Many states are looking for methods to improve longitudinal joint performance of their pavements, since these joints often fail before the rest of the surface. With the inherently lower density at the longitudinal joints we often see pavements fail by cracking, raveling, and potholing. Lower density is synonymous with higher air voids which leads to premature failure of pavements due to intrusion of air and water. Studies have shown that longitudinal joints in pavements are often the weakest areas of a road. (1)
A picture of a road’s longitudinal joint with significant damage.

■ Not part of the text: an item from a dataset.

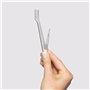 TWEEZERMAN Rasoir à sourcils avec mini pince à épiler inclinée (mini Slant Tweezer & Brow Razor) Argenté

Several state DOTs (Department of Transportation) are now using a materials approach to seal the longitudinal joint region by filling these air voids with asphalt content from the bottom up. This particular materials approach is referred to as VRAM(2), a Void Reducing Asphalt Membrane. VRAM is a highly polymer-modified asphalt cement that is placed at the location of a longitudinal joint before paving. As mix is paved over it, the VRAM melts and migrates up into voids in the low-density mix, making the mix impermeable to moisture while sealing the longitudinal joint itself.
Think of this materials approach and application as putting VRAM down first (asphalt content), to fill air voids in the HMA mat, AFTER the HMA has been placed. This is the innovative nature and chemistry of VRAM and why it has been helping roads last longer in more than 20 states in the United States.
This particular project covers 10,560 feet in Calumet County, Wisconsin from US 151 to Honeymoon Hills Road.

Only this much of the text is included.